Budget 2027 : « Encore plus de mauvaise foi » pour Lecornu à cause de la présidentielle.
Sébastien Lecornu se retrouve face à un défi de taille. Ce lundi, le Premier ministre a convoqué son gouvernement pour un séminaire de rentrée, centré sur un sujet crucial : la préparation du budget 2027. Après un exercice 2026 marqué par des tensions et de nombreux recours à l’article 49.3, la tâche s’annonce d’autant plus ardue. Les discussions budgétaires se dérouleront dans un climat déjà tendu par la campagne présidentielle, qui pourrait mettre en péril la stabilité de son gouvernement.
Depuis la réélection d’Emmanuel Macron en 2022, les difficultés budgétaires sont devenues une constante. Aucun Premier ministre n’a réussi à faire adopter un budget sans avoir recours à l’article 49.3. « La réalité, c’est qu’il y a onze familles politiques à l’Assemblée. Faire adopter un budget dans ces conditions est une chose complexe… », explique Prisca Thévenot, députée Renaissance des Hauts-de-Seine. Pour l’ancien porte-parole du gouvernement, Gabriel Attal, la recherche d’une majorité pour voter un budget semble désormais relever d’un défi philosophique.
Cette année, la situation se complique encore davantage avec la présence de neuf candidats ou potentiels candidats à la présidentielle dans l’hémicycle lors des débats budgétaires. Parmi eux, les figures de proue de Renaissance et du Rassemblement national, Gabriel Attal et Marine Le Pen, ainsi que d’autres personnalités politiques, dont François Ruffin et Delphine Batho. « Il faudra s’accorder sur un budget, même minimaliste, pour la stabilité du pays. Mais est-ce que les uns et les autres seront capables de sortir de leurs postures présidentielles et feront passer l’intérêt des Français avant l’intérêt de leur propre écurie ? », s’interroge Xavier Albertini, député Horizons.
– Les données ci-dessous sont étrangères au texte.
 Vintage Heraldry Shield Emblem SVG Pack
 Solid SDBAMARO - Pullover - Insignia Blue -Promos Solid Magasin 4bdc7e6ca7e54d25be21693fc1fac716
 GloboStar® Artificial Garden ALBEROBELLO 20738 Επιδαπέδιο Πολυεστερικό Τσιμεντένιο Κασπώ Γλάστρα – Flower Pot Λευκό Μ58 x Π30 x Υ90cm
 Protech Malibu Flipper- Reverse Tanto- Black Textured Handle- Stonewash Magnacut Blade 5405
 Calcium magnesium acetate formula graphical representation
Le Premier ministre, qui se voyait comme « le jaune d’œuf dans la mayonnaise » l’an dernier, pourrait voir son rôle de conciliateur mis à mal. Les socialistes, qui avaient accepté un accord de non-censure l’année précédente, se préparent à une bataille interne pour leur primaire. Lors de leur université de rentrée, Olivier Faure a clairement exprimé son scepticisme quant à une éventuelle collaboration avec la droite. « Je ne vois pas comment Gabriel Attal ou Édouard Philippe se mettraient cette année à chercher le moindre compromis avec la gauche. Le suspense, il est faible, vous connaissez la fin, il y aura une censure », a-t-il affirmé.
Romain Eskenazi, député socialiste, a également fait savoir que son groupe jouerait le jeu, mais qu’il ne ferait pas de concessions si le budget proposé par le gouvernement n’était pas satisfaisant. « Peut-être que le magicien Lecornu y arrivera, mais dans le contexte de campagne présidentielle, il y a le risque que chacun veuille avancer ses pions et campe sur ses positions », a-t-il ironisé. Un élu proche de Raphaël Glucksmann a exprimé des craintes quant à une intensification des tensions et des calculs politiques.
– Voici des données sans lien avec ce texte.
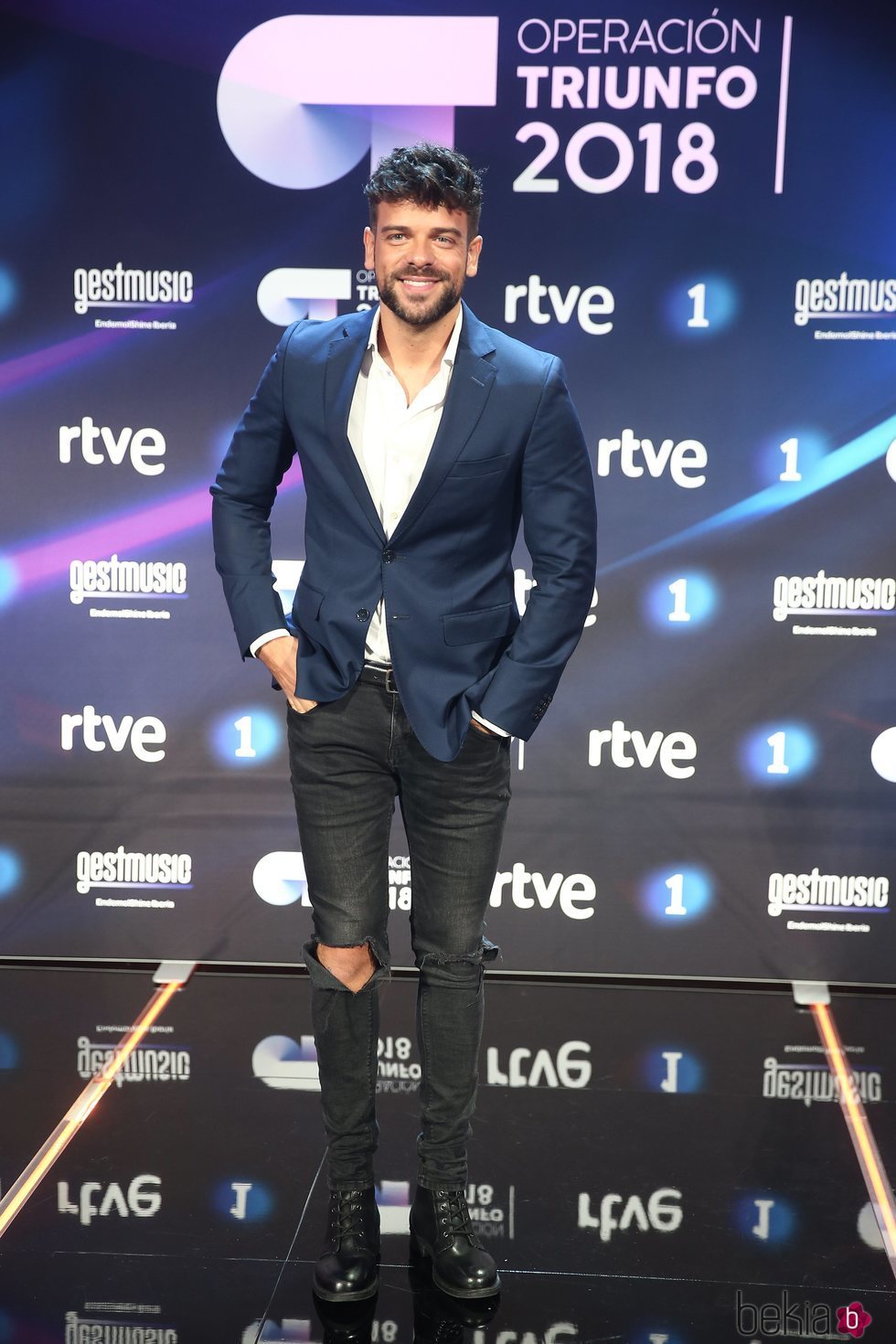 Ricky Merino en la presentación de 'OT 2018'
Le gouvernement a tenté de rappeler aux partis politiques l’importance de la situation économique actuelle et le risque d’un dépassement du déficit public, fixé à 5 % du PIB. « On est actuellement dans le brouillard, avec des vents contraires. Mais le scénario catastrophe n’est bon pour personne. Et ce, quelle que soit couleur du futur gouvernement en 2027 », a averti Xavier Albertini. Le gouvernement estime qu’un « scénario catastrophe », où la France n’aurait pas de budget à la fin de l’année, pourrait coûter environ 15 milliards d’euros.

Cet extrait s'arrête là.